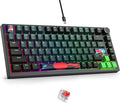 Fogruaden Wired 75% Percent Mechanical Keyboard Hot Swappable, Red Switch, RGB Backlit, 82 Keys TKL Mechanical Keyboard, NKRO Compact Gaming Keyboard, Volume Control Knob (Soundwave)
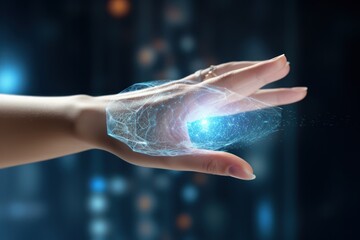 Poster - future technology concept,Woman's hand touching. Metaverse universe. Digital transformation concept for the next generation technology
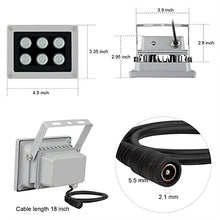 Load image into Gallery viewer, Infrared Illuminator, 850nm 6 LEDs 130 Feet 60 Degree Wide Angle IR Illuminator for Night Vision,Waterproof LED Infrared Light for CCTV Camera, Security Camera, No Power Adapter
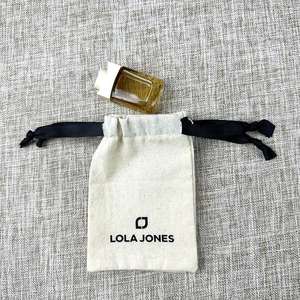 Pochette en coton biologique avec cordon en coton, imprimée avec un logo personnalisé, en toile de coton, pour cadeau de Noël - Product Image 6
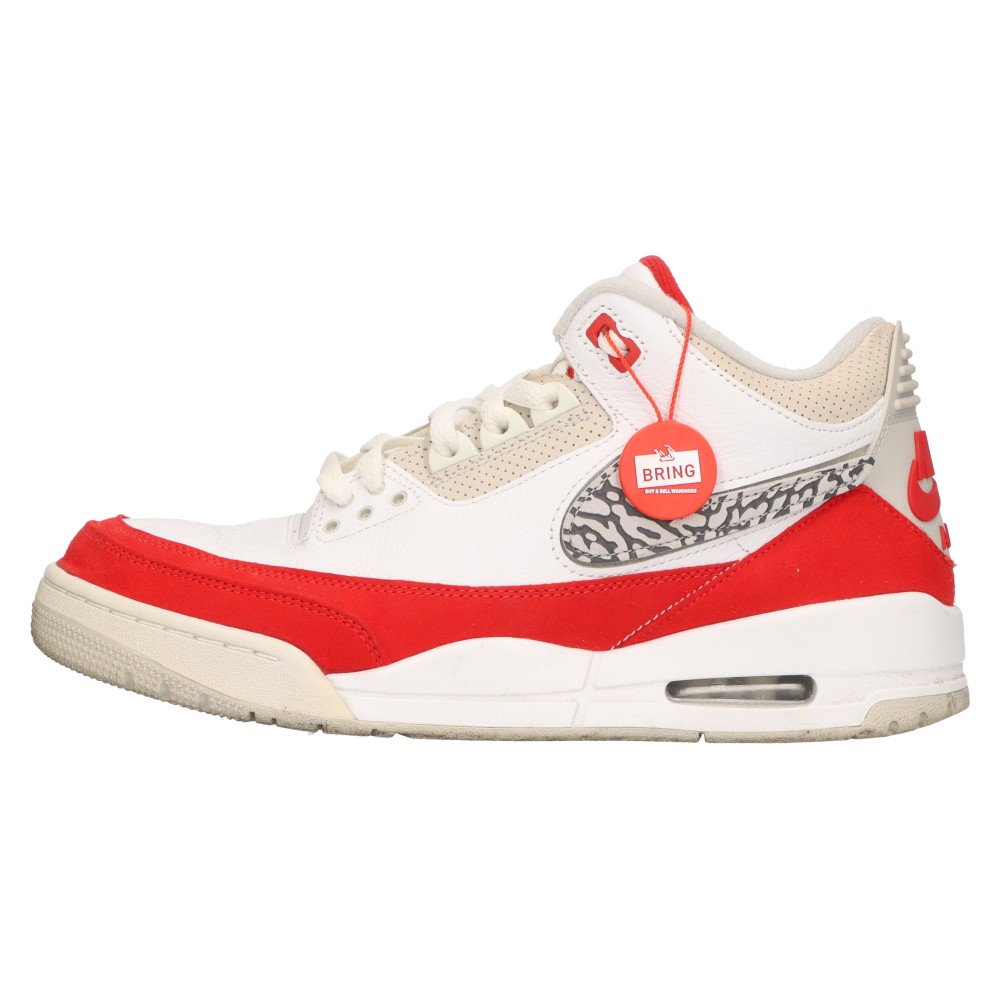 NIKE(ナイキ) サイズ:US9.5/27.5cm Air Jordan 3 Retro Tinker White/University Red CJ0939-100 エアジョーダン3 レトロ ティンカー ホワイト/ユニバーシティレッド ミッドカットスニーカー US9.5/27.5cm【中古】【程度B】【カラーホワイト】【取扱店舗渋谷】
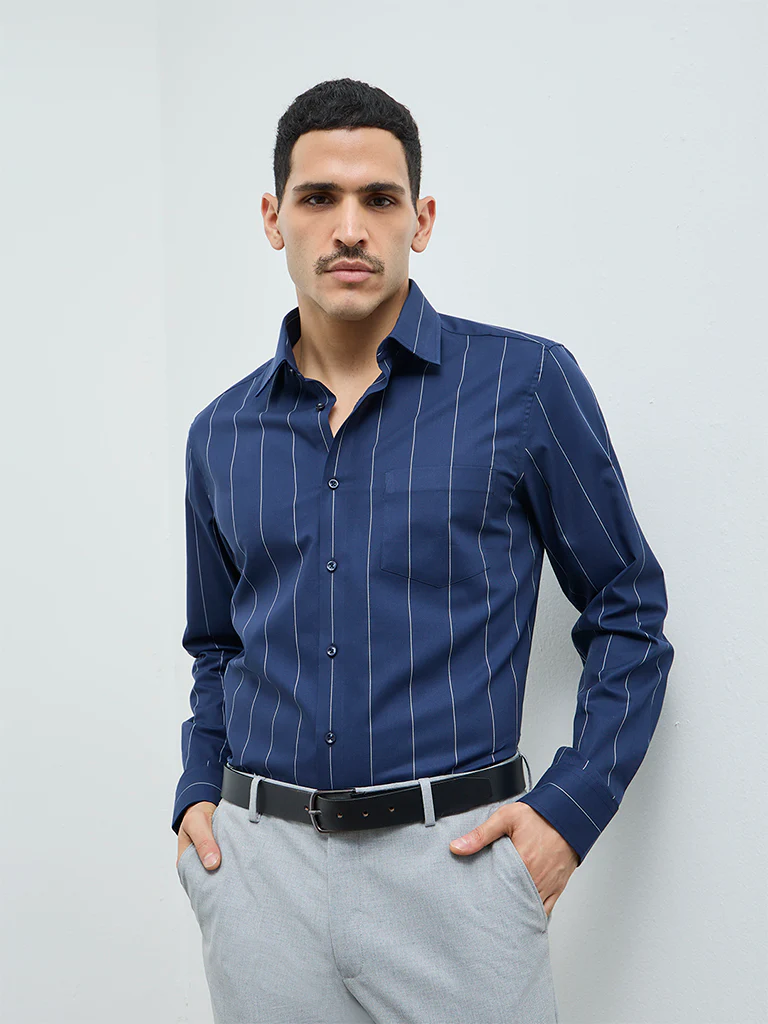 WES Formals Navy Striped Slim-Fit Cotton Shirt - Image 2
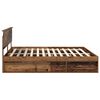 vidaXL Bed Frame with Headboard Old Wood 200 x 200 cm Solid Pine Wood
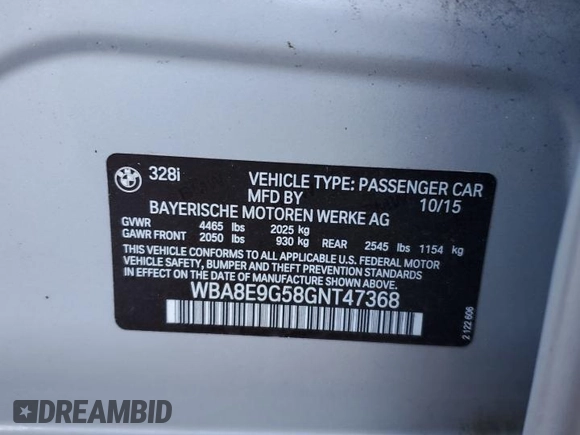 2016 BMW 3 Series 328i with VIN WBA8E9G58GNT47368, listed as a Copart auction lot 52443285 with 46,283 mi miles and Salvage Title. Bid and sale history available at carsss.com. Image 12.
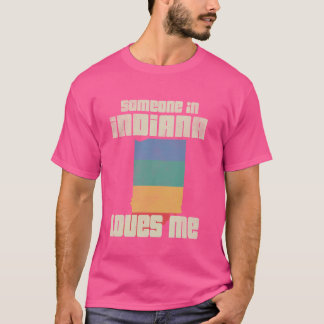 Camiseta Alguém em Indiana Me Ama Mapa da Região do Estado 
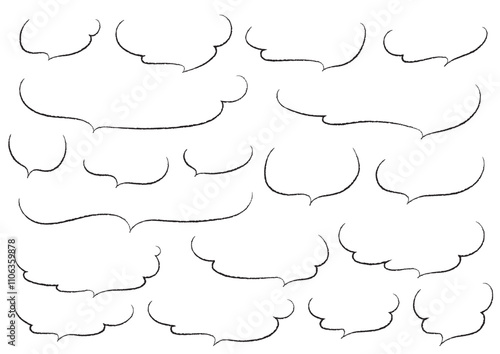 柔らかい形のふきだしのセット（鉛筆手書き風）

.....

▶ _INSTRUCTIONS FOR THE TASK_
The entries above are to be copied exactly, with every picture left out.

▶ _RESULT FOR THIS TASK_
 Fogruaden Wired 75% Percent Mechanical Keyboard Hot Swappable, Red Switch, RGB Backlit, 82 Keys TKL Mechanical Keyboard, NKRO Compact Gaming Keyboard, Volume Control Knob (Soundwave)
 Poster - future technology concept,Woman's hand touching. Metaverse universe. Digital transformation concept for the next generation technology
 Load image into Gallery viewer, Infrared Illuminator, 850nm 6 LEDs 130 Feet 60 Degree Wide Angle IR Illuminator for Night Vision,Waterproof LED Infrared Light for CCTV Camera, Security Camera, No Power Adapter
 Pochette en coton biologique avec cordon en coton, imprimée avec un logo personnalisé, en toile de coton, pour cadeau de Noël - Product Image 6
 NIKE(ナイキ) サイズ:US9.5/27.5cm Air Jordan 3 Retro Tinker White/University Red CJ0939-100 エアジョーダン3 レトロ ティンカー ホワイト/ユニバーシティレッド ミッドカットスニーカー US9.5/27.5cm【中古】【程度B】【カラーホワイト】【取扱店舗渋谷】
 WES Formals Navy Striped Slim-Fit Cotton Shirt - Image 2
 vidaXL Bed Frame with Headboard Old Wood 200 x 200 cm Solid Pine Wood
 2016 BMW 3 Series 328i with VIN WBA8E9G58GNT47368, listed as a Copart auction lot 52443285 with 46,283 mi miles and Salvage Title. Bid and sale history available at carsss.com. Image 12.
 Camiseta Alguém em Indiana Me Ama Mapa da Região do Estado 
 柔らかい形のふきだしのセット（鉛筆手書き風）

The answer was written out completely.